During the Obama Administration, the southern border states (AZ, NM, TX), frustrated over the complete lack of meaningful federal immigration enforcement, attempted to enact various state laws dealing with the problem. Those laws were immediately challenged by open-borders activists who claimed that immigration is solely a matter of federal jurisdiction, per the Constitution. (A claim which does have legal merit, unfortunately.) And time after time after time, the federal courts agreed and invalidated the state laws which encroached on a power reserved exclusively to federal government.
Fast-forward to 2017, and the "progressives" have lost the White House and Congress, something they thought would never happen when they were making those "federal-only" legal arguments in court during Obama's term. Now they've suddenly done a complete 180-degree reversal in their arguments.

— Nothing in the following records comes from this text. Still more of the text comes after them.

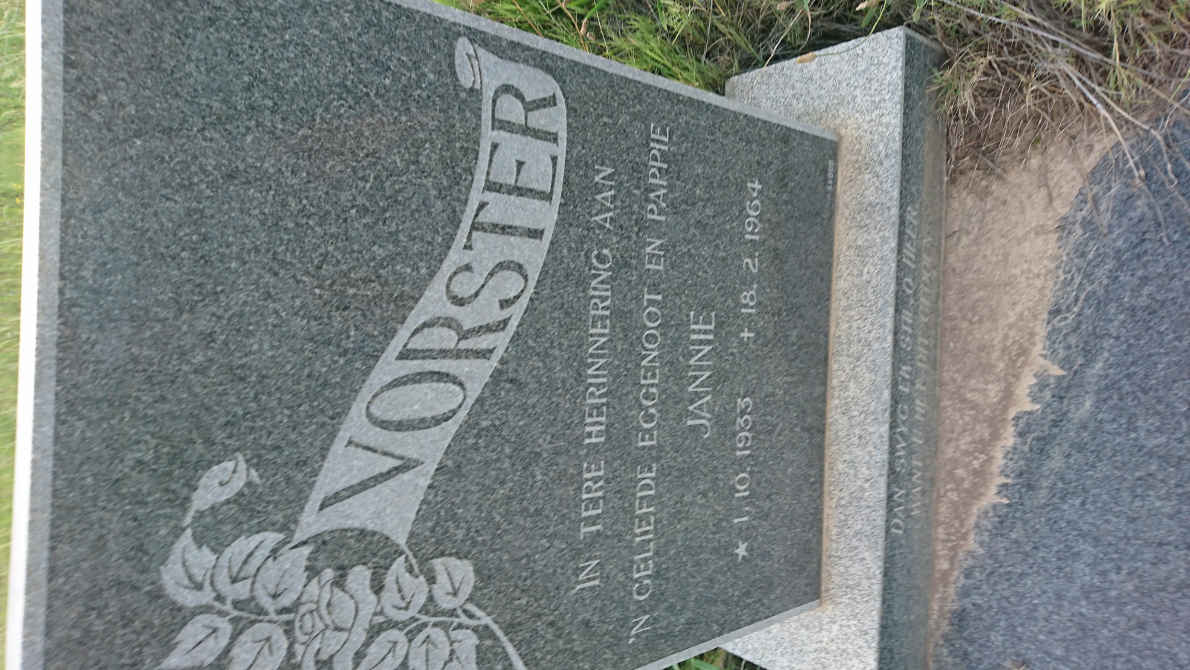 VORSTER Jannie 1933-1964
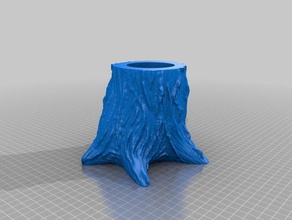 treestump edit models 3d print model - Mito3D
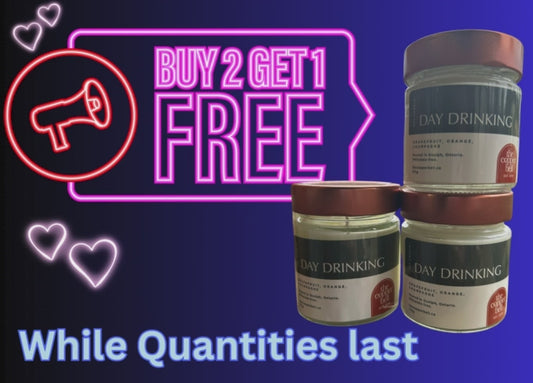 BUY 2 -GET-1 FREE-Day Drinking Candle
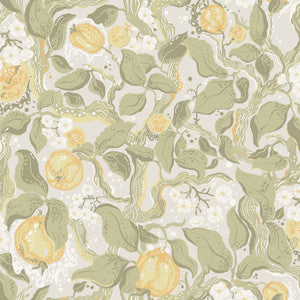 Kort Sage Fruit and Floral Wallpaper by A-Street Prints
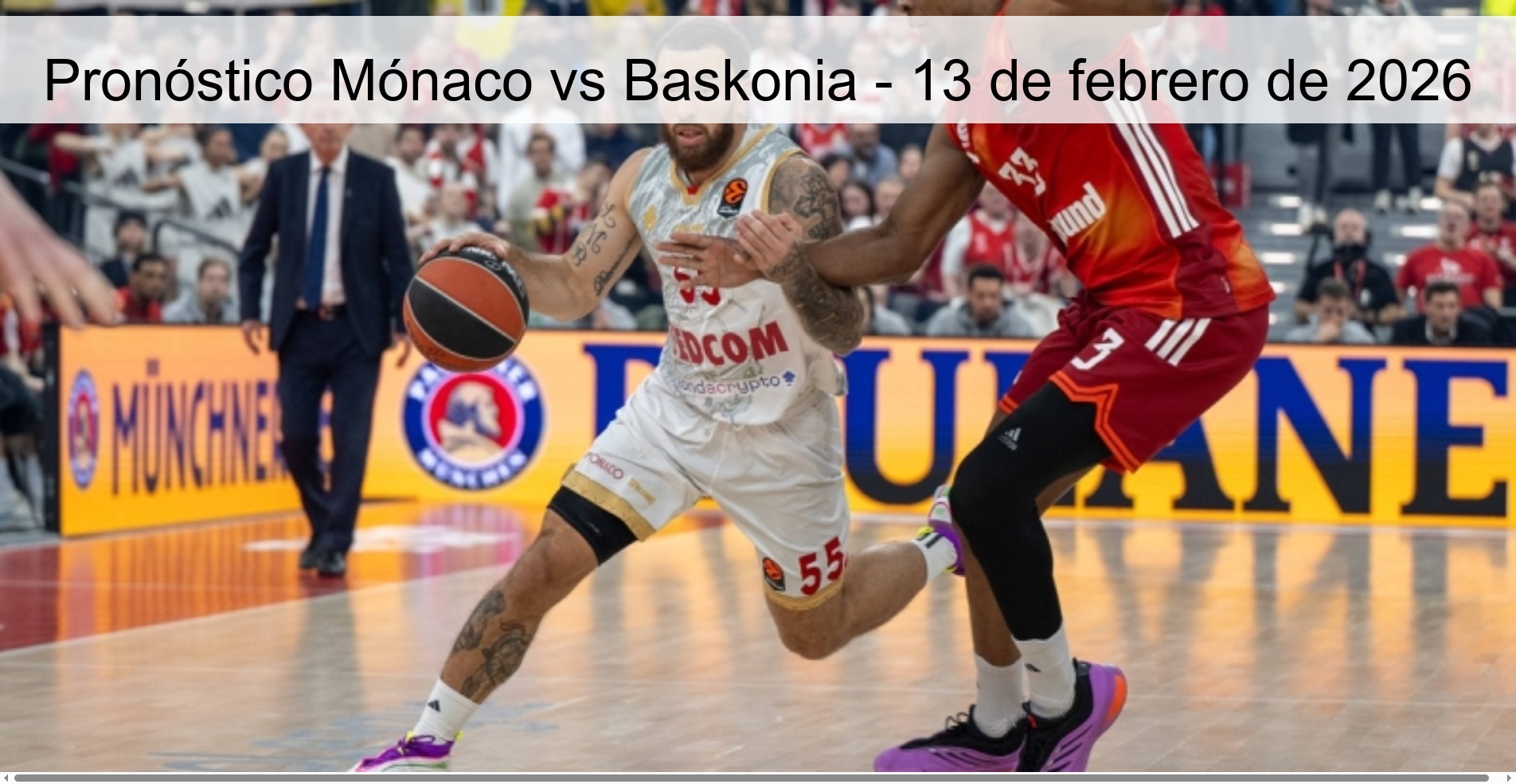 Pronóstico Mónaco vs Baskonia - 13 de febrero de 2026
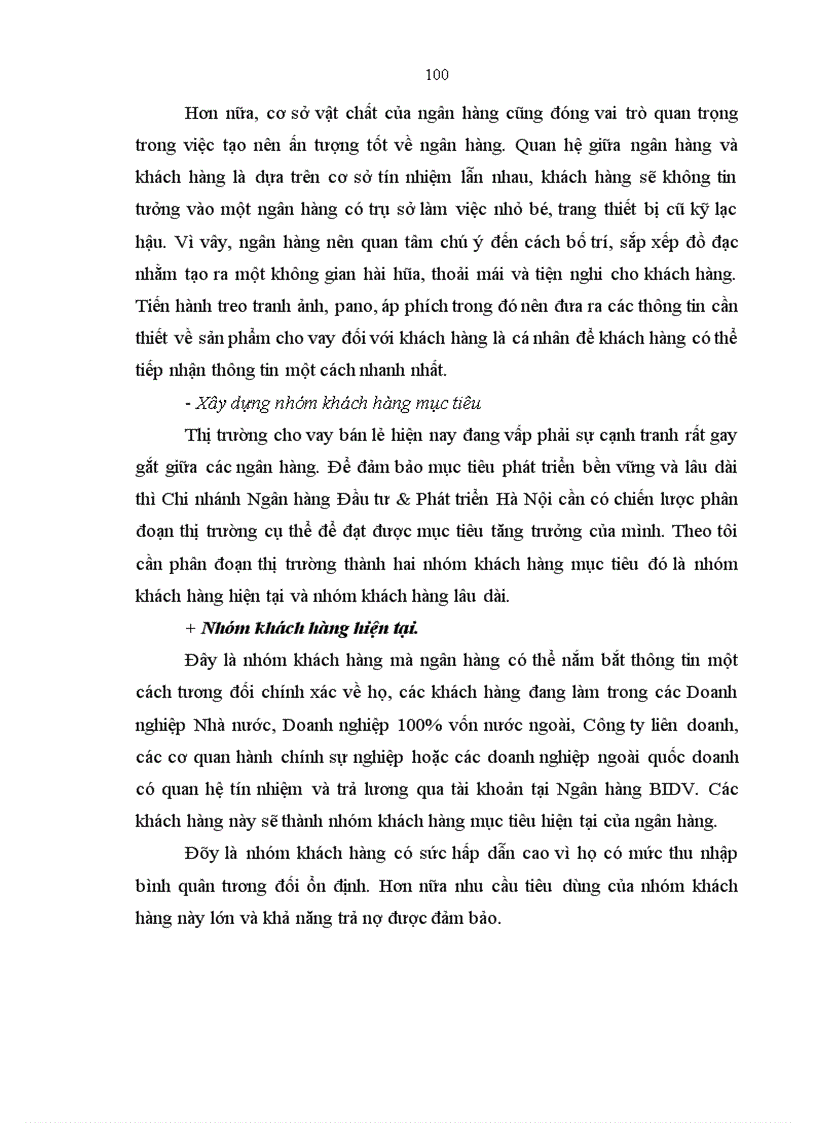 image for page Phát triển hoạt động cho vay tiêu dùng tại Chi nhánh Ngân hàng Đầu tư và Phát triển Hà Nội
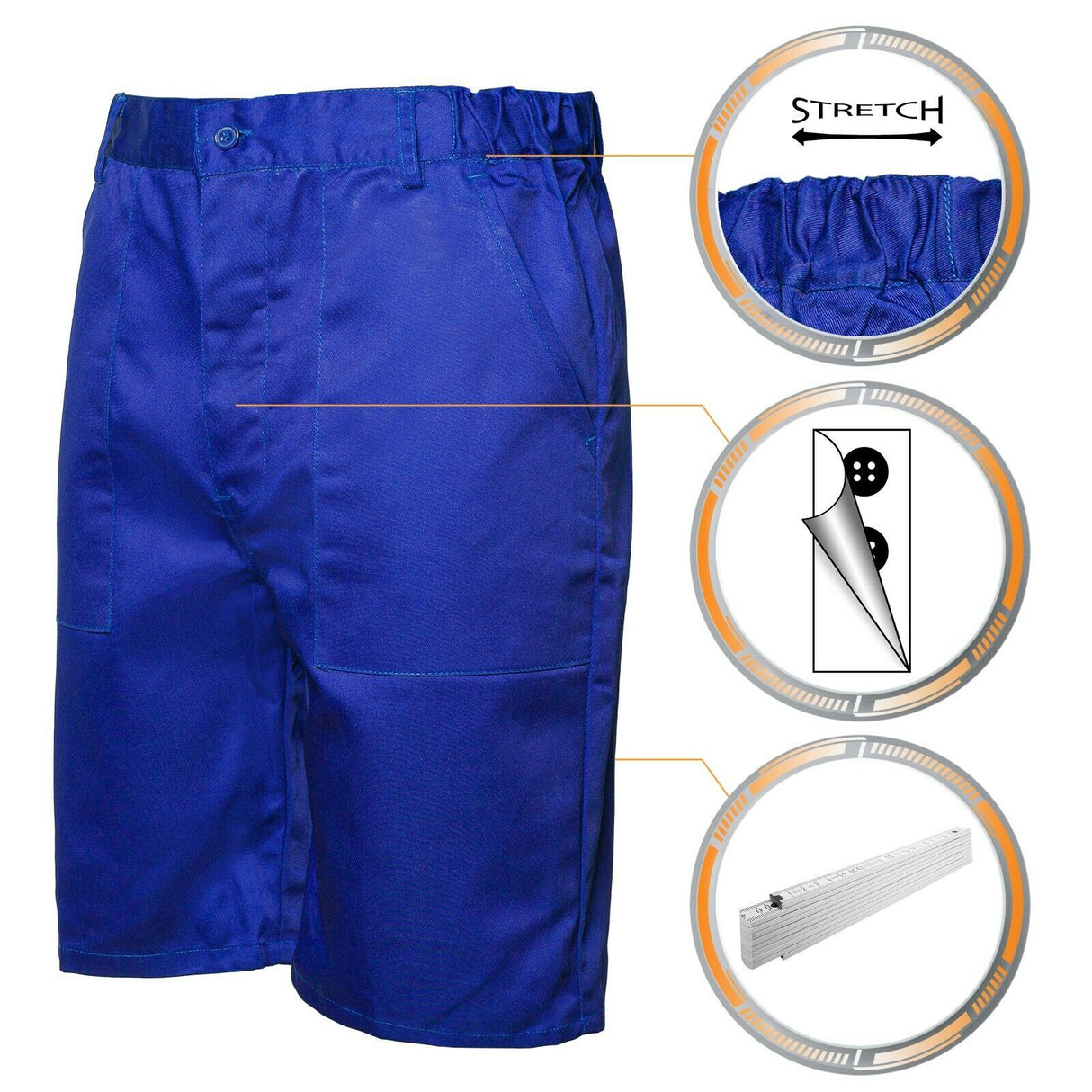 Arbeitskleidung-Shorts-Arbeitsshorts-blau-details-raw-pol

Now "progressives" in the Washington State government claim that immigration isn't solely a matter of federal jurisdiction after all, and the fact that the Constitution says it's so is merely an inconvenient legal speed bump to be "interpreted" around.
Now "progressives" claim that if a state suffers a negative impact on its business climate because of federal immigration action, it has standing to sue to stop that federal action. (Not only do they now claim to have power in the realm of immigration, they're claiming that state power *exceeds* federal power if they can show a negative impact.) Never mind they were shooting down those very arguments from the border states as little as three years ago, calling them absurd and without legal merit.
The blatant hypocrisy on this issue is truly stunning to behold. Politicians have always been hypocrites but they usually don't parade it around quite so nakedly like this.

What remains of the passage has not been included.